## The records
---+---

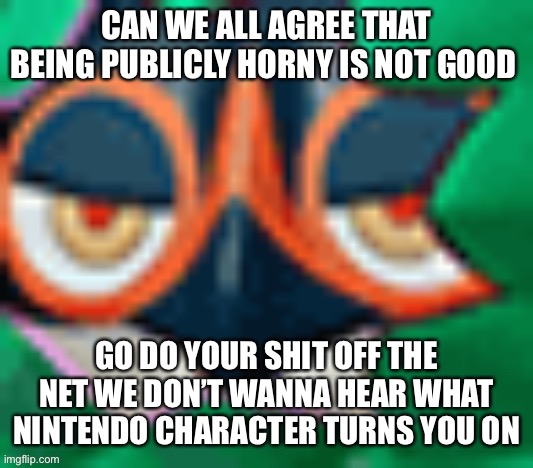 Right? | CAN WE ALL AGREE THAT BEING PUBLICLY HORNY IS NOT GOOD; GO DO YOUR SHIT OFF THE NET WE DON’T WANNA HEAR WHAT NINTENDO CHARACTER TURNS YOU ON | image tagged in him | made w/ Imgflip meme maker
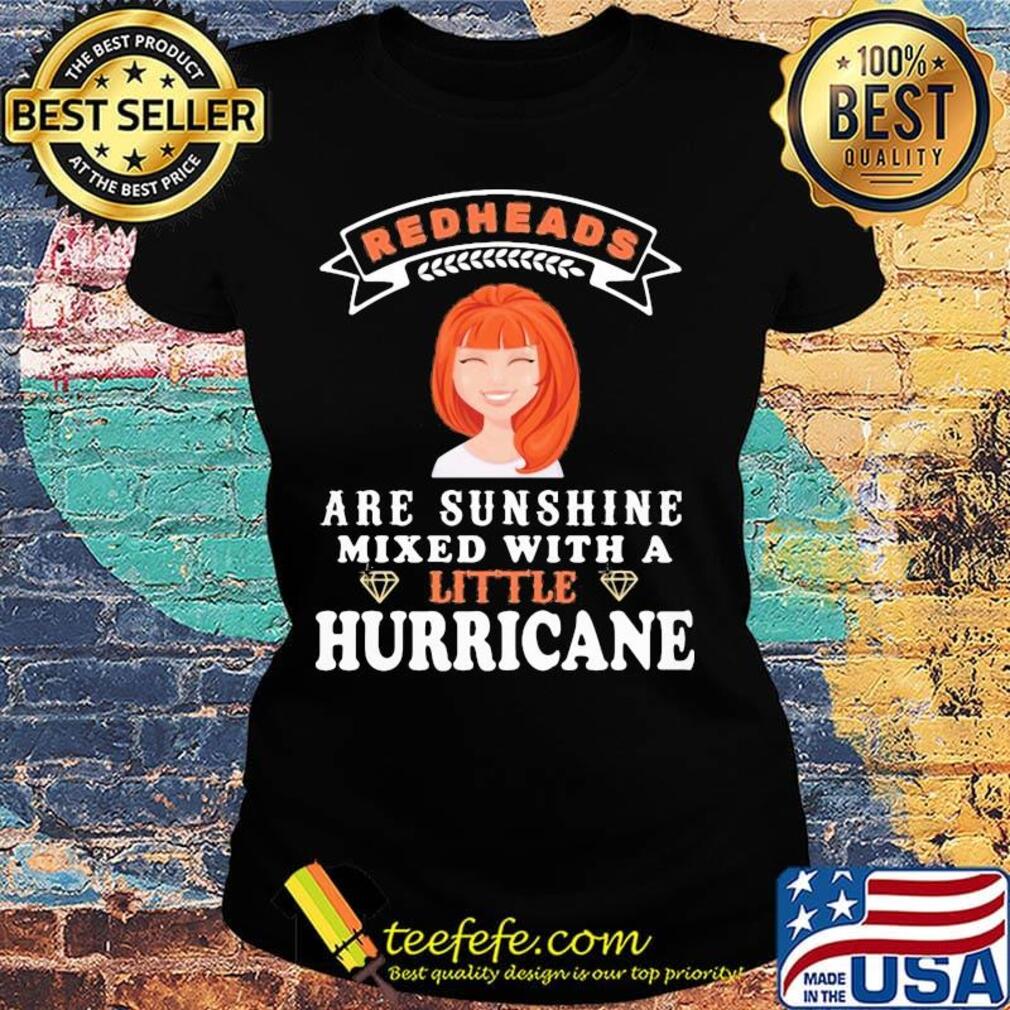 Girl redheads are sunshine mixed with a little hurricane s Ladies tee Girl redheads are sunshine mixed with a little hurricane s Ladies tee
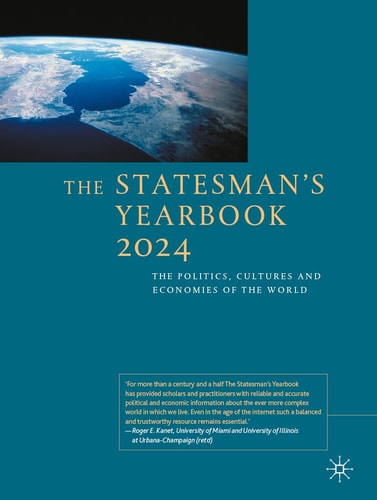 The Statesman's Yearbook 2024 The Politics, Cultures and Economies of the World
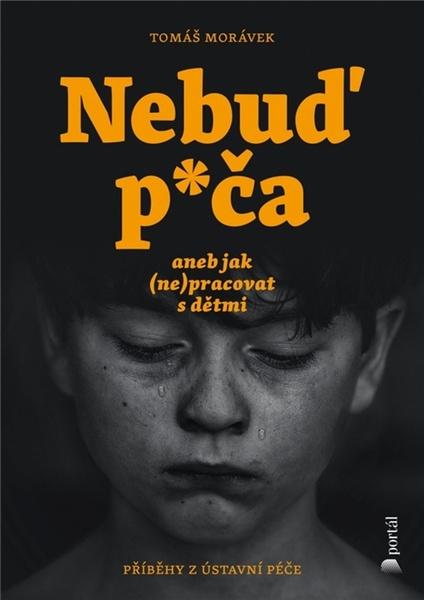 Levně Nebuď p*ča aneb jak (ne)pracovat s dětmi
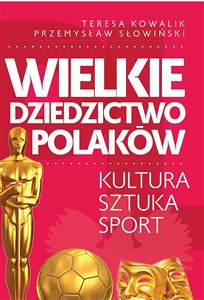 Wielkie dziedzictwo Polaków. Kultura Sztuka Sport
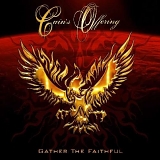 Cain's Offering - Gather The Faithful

---+---

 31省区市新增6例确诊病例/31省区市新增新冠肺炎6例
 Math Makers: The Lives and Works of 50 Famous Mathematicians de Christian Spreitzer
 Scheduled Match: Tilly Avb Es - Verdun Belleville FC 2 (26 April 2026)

---+---

## What to produce
Print the part of the listing above that opens with the line containing "Ladies tee Girl" and closes with the line containing "Cain's Offering - Gather The Faithful". Copy it exactly, both ends included, and omit the pictures.

## Task response
 Girl redheads are sunshine mixed with a little hurricane s Ladies tee Girl redheads are sunshine mixed with a little hurricane s Ladies tee
 The Statesman's Yearbook 2024 The Politics, Cultures and Economies of the World
 Levně Nebuď p*ča aneb jak (ne)pracovat s dětmi
 Wielkie dziedzictwo Polaków. Kultura Sztuka Sport
 Cain's Offering - Gather The Faithful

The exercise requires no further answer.